Codegen Spine
This is the codegen spine that sits between kit's frontends and machine code.
Frontends never speak machine: they drive the public KitCg stack-machine API
(kit_cg_*), which lowers to a single internal semantic sink — CgTarget.
CgTarget has several realizations selected by opt-level and output kind: a
direct machine-code emitter for -O0, an IR recorder that feeds the optimizer
and interpreter, and source-like targets (the C backend, wasm). All the native
-O0 backends share one CgTarget implementation parameterized by per-arch
hooks. This doc covers that layering, the public-API-to-CgTarget lowering, and
the shared native infrastructure. See IR.md for the recorded IR,
OPT.md for optimization and machine lowering, ARCH.md for
per-arch emission, CBACKEND.md and WASM.md for the
source-like targets, and INTERPRETER.md for the interpreter.
The two boundaries
Codegen has exactly two stable interfaces, stacked:
frontend (C / toy / wasm-lang / preprocessor)
| public push/pop API
v
KitCg value stack (src/cg/*.c, op families)
| semantic CgTarget vtable (src/cg/cgtarget.h)
v
CgTarget realization
|-- NativeDirectTarget -O0 direct emit -> NativeOps + NativeTarget
|-- CgIrRecorder -O1/-O2/interp -> recorded IR -> optimizer -> NativeTarget
|-- C-source target / wasm (semantic, source-like output)
CgTarget (the semantic interface) speaks in target-data-layout terms a
frontend can produce: typed semantic locals, immediates/globals/indirect
addresses, labels and structured scopes, typed loads/stores, arithmetic,
calls/returns as local-valued descriptors, aggregates, bitfields, atomics,
varargs, intrinsics, and inline asm. It deliberately exposes no machine
state: no hard registers, no spill slots, no call plans, no CFG/SSA, no
prologue patching. That keeps it recordable verbatim as semantic IR and lets one
frontend path serve every backend.
NativeTarget (src/arch/native_target.h, the physical interface) is the
other boundary — the post-register-allocation machine-emission contract. Every
hook receives caller-selected, target-legal physical operands and emits one
native operation; it is explicitly not a register allocator. Both the -O0
direct path and the optimizer's machine-emit path bottom out here.

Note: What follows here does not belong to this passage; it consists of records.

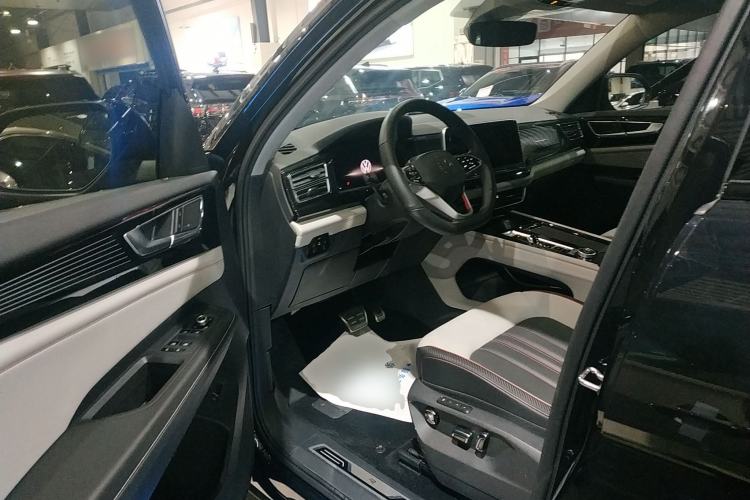 Used Volkswagen Teramont X 2024 380TSI Four-Wheel Drive Longxiang Edition Interior 3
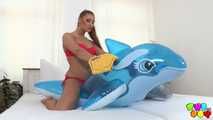 370 Is Thalia ready for the summer?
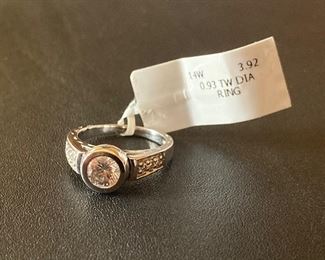 Lot #007---14kw Diamond Ring, total diamond weight: 0.93ct, price: $1,100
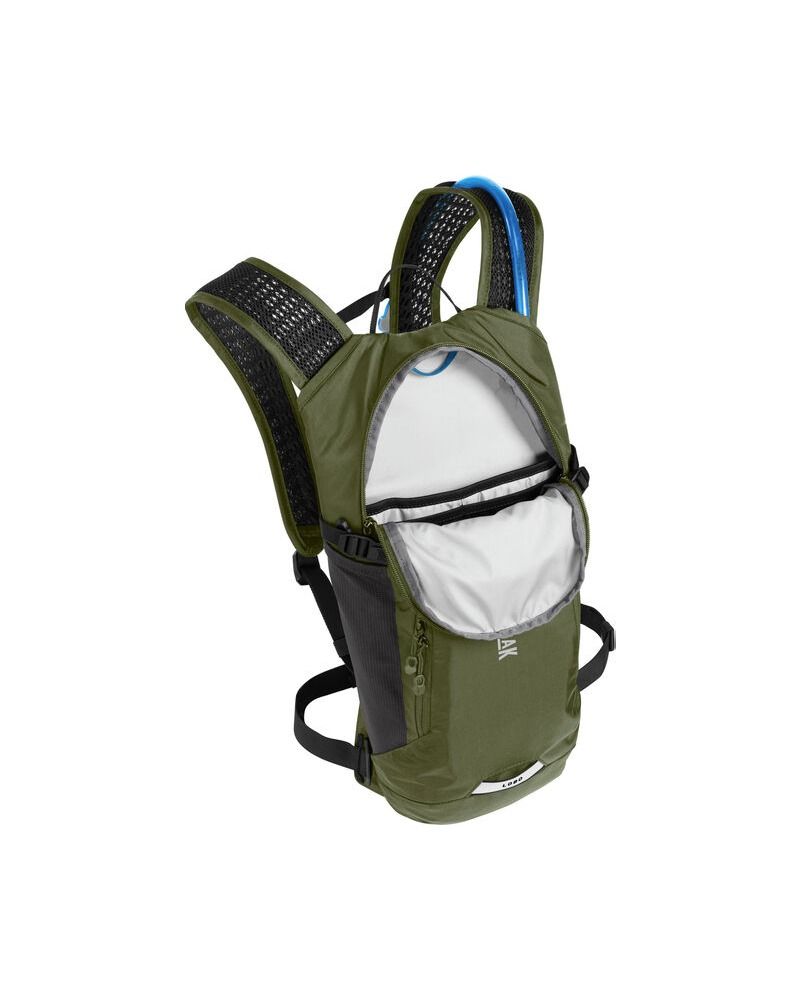 Camelbak Lobo 9 Hydration Pack 2L/70 oz, Sports Equipment, Bicycles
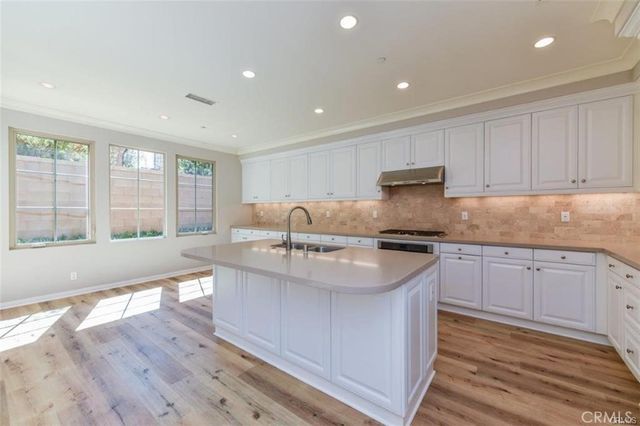 99 Bianco, Irvine, CA 92618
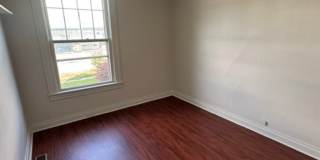 704 Davis St. Gallery 7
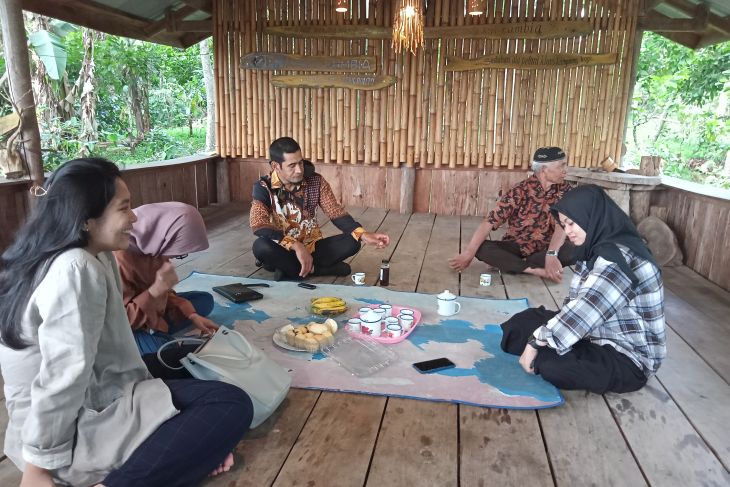 Suasana kegiatan lokasi Kampoeng Wisata Kopi di Desa Jenetallasa, Kecamatan Rumbia, Kabupaten Jeneponto, Sulsel. Antara/ Suriani Mappong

The split exists because the two contracts are genuinely different levels. The
semantic interface is "what the program means"; the physical interface is "emit
this selected instruction with these registers." Folding them, as an earlier
design did, forced the shared vtable to expose both IR concepts and backend
register state at once. Keeping them apart lets each native arch implement only
physical emission, while the semantic-to-physical bridge for -O0 is written
once and shared.
The public KitCg API and value stack
include/kit/cg.h is a stack machine. A frontend pushes typed values, names
types, and issues operations that pop operands and push results —
kit_cg_func_begin, kit_cg_load/kit_cg_store, kit_cg_fp_binop,
kit_cg_call, kit_cg_branch_true, kit_cg_block_begin, and so on. This
API is the insulation layer: it is source-stable across all the internal changes
below it. See FRONTENDS.md.
Every stack entry is exactly one of two kinds, and each op declares the
kinds it consumes and produces: a PLACE (an addressable, typed location — a
local's storage, a global, or a computed [base + index*scale + offset]) or a
VALUE (a scalar rvalue: integer, float, pointer, or 128-bit scalar).
Addressing is built explicitly — push_local→PLACE, addr PLACE→VALUE(ptr),
deref VALUE(ptr)→PLACE, field i PLACE(record)→PLACE, elem VALUE(ptr)+index
→PLACE — and the op panics on a kind mismatch; CG never infers the kind or
inserts an implicit dereference. load/store take a PLACE and no
effective-address rider; the place ops fold the constant offset (deref/field)
and scale (elem) into one OPK_INDIRECT, so the backend still gets a single
addressing-mode memop. Aggregates are always a PLACE.
The implementation lives in src/cg/, split by op family rather than one
monolith: value.c (stack discipline, lvalue/rvalue conversion, operand
materialization), fold.c (the -O0 semantic peephole — constant folding, the
delayed compare/arith forms, and const-local store-to-load forwarding; contract
in fold.h), memory.c (loads/stores/addressing/aggregates), arith.c,
control.c (labels, branches, scopes, switch, computed goto), call.c,
atomic.c, asm.c, type.c, local.c, data.c, wide.c (128-bit scalars),
with shared state and helpers in internal.h and lifecycle in session.c.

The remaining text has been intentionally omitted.